Une introduction rappelle succinctement quelques données sur les périodes anciennes, présente les sources – les PV des conseils d’administration des sociétés de secours mutuel, les littératures culinaire et gastronomique, la presse spécialisée, les mémoires, des entretiens oraux – et pose les questions auxquelles le livre souhaite apporter des réponses : «Qui sont les cuisiniers ? Quelle a été depuis le milieu du XIXe siècle leur place dans la société française ? (…) Comment cerner l’évolution de la profession et du métier lui-même ?» (p.22)

Les deux premiers chapitres présentent l’hétérogénéité d’un corps socio-professionnel qui s’efforce de se définir et d’être reconnu. Les acteurs de cette histoire peuvent certes être réunis en groupes distincts, mais ils sont eux-mêmes soumis à des tensions centrifuges. Le groupe des professionnels de la cuisine peine à réunir les cuisiniers des restaurants (chefs et garçons), les domestiques, les cuisinières. Toutefois, désireux d’indépendance vis-à-vis des bureaux de placement qui les exploitent, des associations apparaissent : née en 1840, la Société de Secours Mutuel des Cuisiniers de Paris, soucieuse de prendre en compte les intérêts des patrons, obtient une reconnaissance officielle de l’Empire. La Société des cuisiniers français, qui émerge dans les années 1880, met l’accent sur la recherche d’une cohésion sociale et d’un professionnalisme du corps : création d’écoles, concours et expositions en direction du public, publication d’une revue, sont à l’ordre du jour. Enfin, la Chambre syndicale, née en 1873, elle aussi dotée d’une revue, mène la lutte pour la reconnaissance de droits sociaux. Et de fait, les conditions de travail des cuisiniers sont déplorables (et le resteront jusqu’à nos jours) : les conditions d’hygiène, en particulier, retiennent l’attention. Le monde des cuisines a été un des lieux de l’émergence d’une médecine du travail. En face des cuisiniers, les gastronomes s’érigent en détenteurs de la légitimité culturelle dans le domaine du goût : à travers Grimod, Brillat-Savarin et leurs émules, «la gastronomie remplit une fonction sociale de réconciliation entre l’ancienne classe dirigeante, l’aristocratie, et la nouvelle : la bourgeoisie» (p.29).

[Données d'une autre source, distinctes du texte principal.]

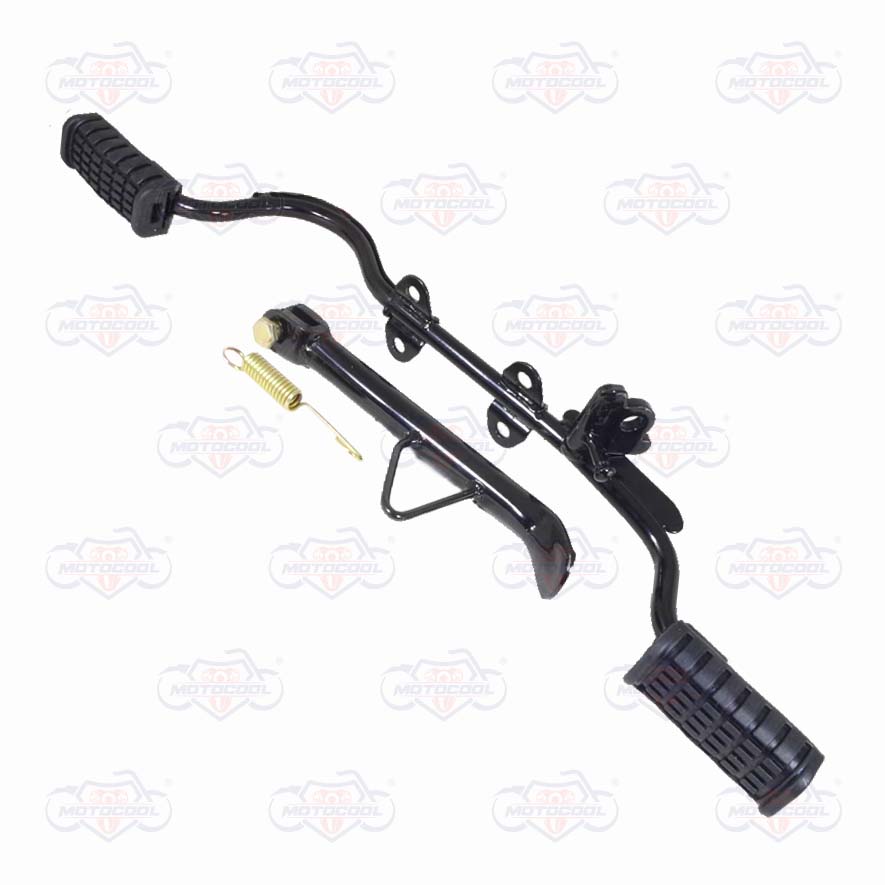 Barra de posapie AT110 completa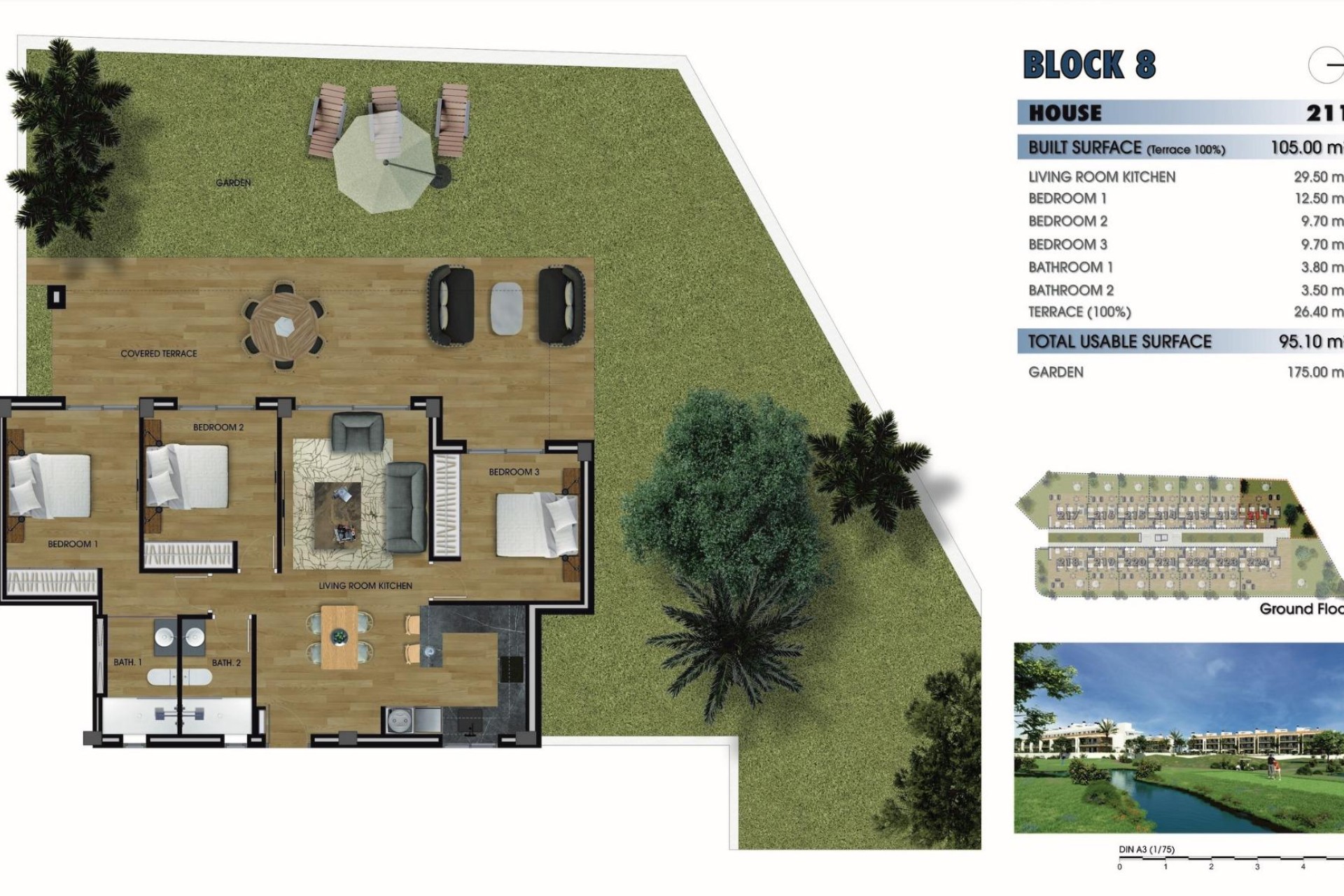 Nowy budynek - Apartment - Los Alcazares - La Serena Golf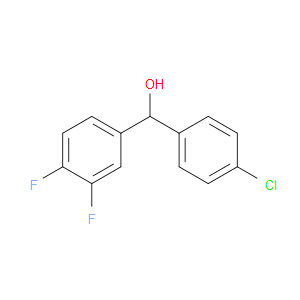 α-(4-Chlorophenyl)-3,4-difluorobenzenemethanol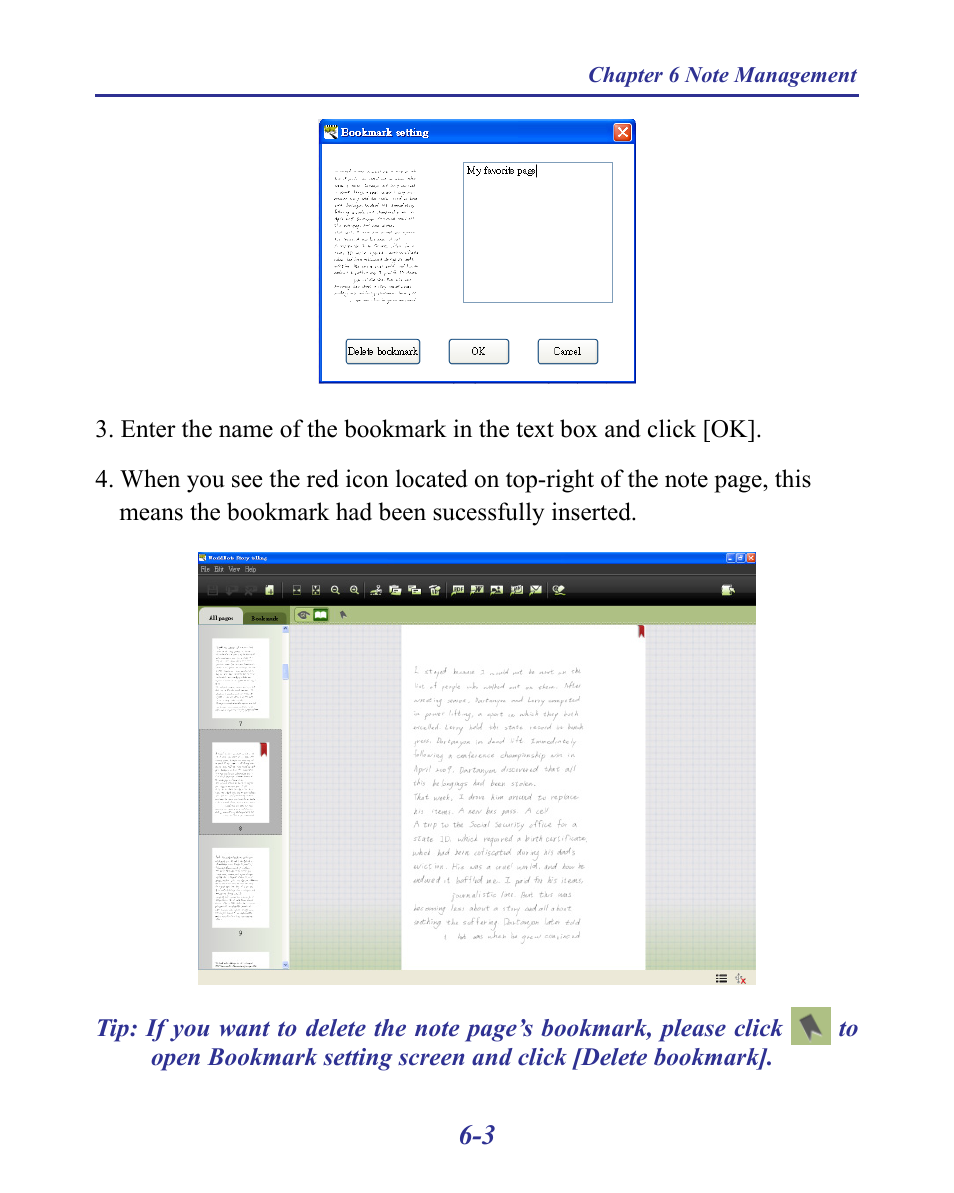 Penpower MyInk (iOS/Win) User Manual | Page 57 / 90
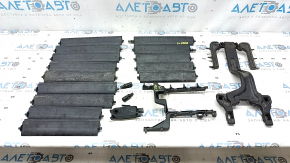 14 Ford Edge 19-24 2.0T louver blades with motor and mounting hardware, broken, bolt broken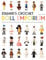 Edward's Crochet Doll Emporium: Flip the mix-and-match patterns to make and dress your favourite people (Edward's Menagerie)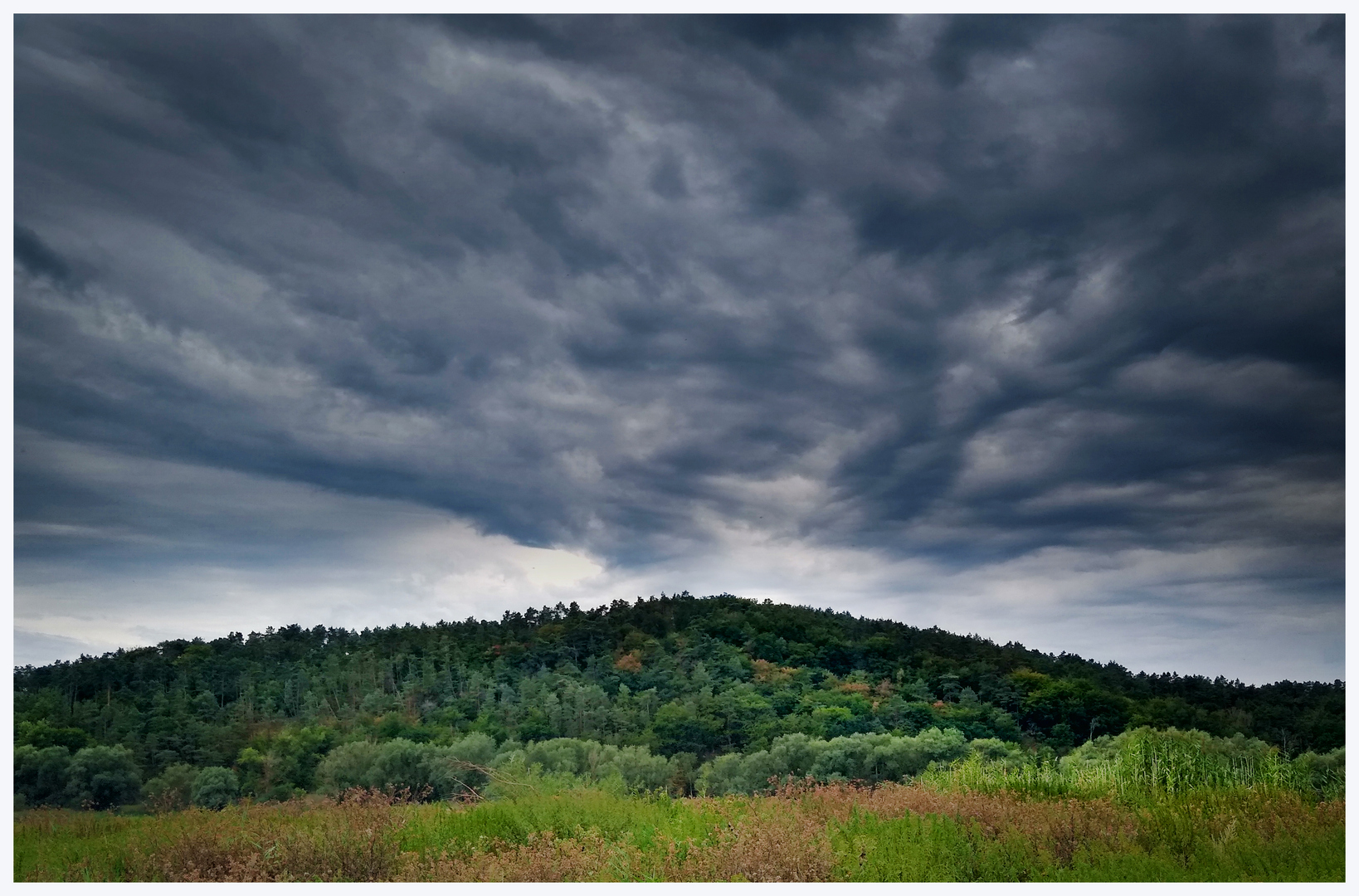 Wetter über dem Kniepenberg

Au tournant du siècle (ch. 3), l’élite du corps manifeste plus que jamais la volonté de voir la cuisine être reconnue comme un art, c’est-à-dire comme l’égale des professions libérales. D’où un regain d’intérêt pour la question de l’apprentissage. Le discours prononcé devant mille cuisiniers par Thomas Génin, le 8 février 1883, pour défendre un projet d’école professionnelle, est frappant de modernité : sont prévus cuisines et laboratoires éclairés par la lumière du jour, salles de réception pour le public, bibliothèque, salles de jeux pour que des liens amicaux renforcent la cohésion professionnelle, des conférences publiques… Une école professionnelle de cuisine, d’initiative privée, ouvrit enfin en mars 1881 (mais, faute d’élèves, elle devait fermer un an et demie plus tard). Un enseignement «dans toutes les branches de l’art culinaire et des sciences alimentaires» (cité, p.65) y était délivré. Cette formation professionnelle était réservée aux hommes, les femmes ne devant recevoir qu’un «enseignement ménager», qui, considéré comme un instrument de l’ordre social –
la bonne ménagère étant un rempart contre l’alcoolisme, la tuberculose et la syphilis – fut intégré par l’Etat dans l’enseignement primaire public. D’autres écoles privées ouvrirent au début du XXe siècle (Cordon Bleu…). Le livre propose alors, en forme de long bilan un peu désarticulé mais de lecture agréable, une somme d’informations sur la situation à la veille de la Grande Guerre (cultures gastronomiques, nationalisme culinaire, organisation des cuisines de restaurant, d’une part, des grandes maisons bourgeoises d’autre part, statistiques professionnelles, etc).

Le XXe siècle (ch. 4 et 5) connaît une «émancipation» progressive du cuisinier, depuis l’œuvre remarquable de Léopold Mourier, président de la Société de secours mutuel des cuisiniers de Paris, jusqu’aux conséquences sociales de la Nouvelle Cuisine, en passant par la remise à Auguste Escoffier de la dignité d’Officier de la Légion d’honneur (1928), vécue par le corps des cuisiniers comme une promotion collective.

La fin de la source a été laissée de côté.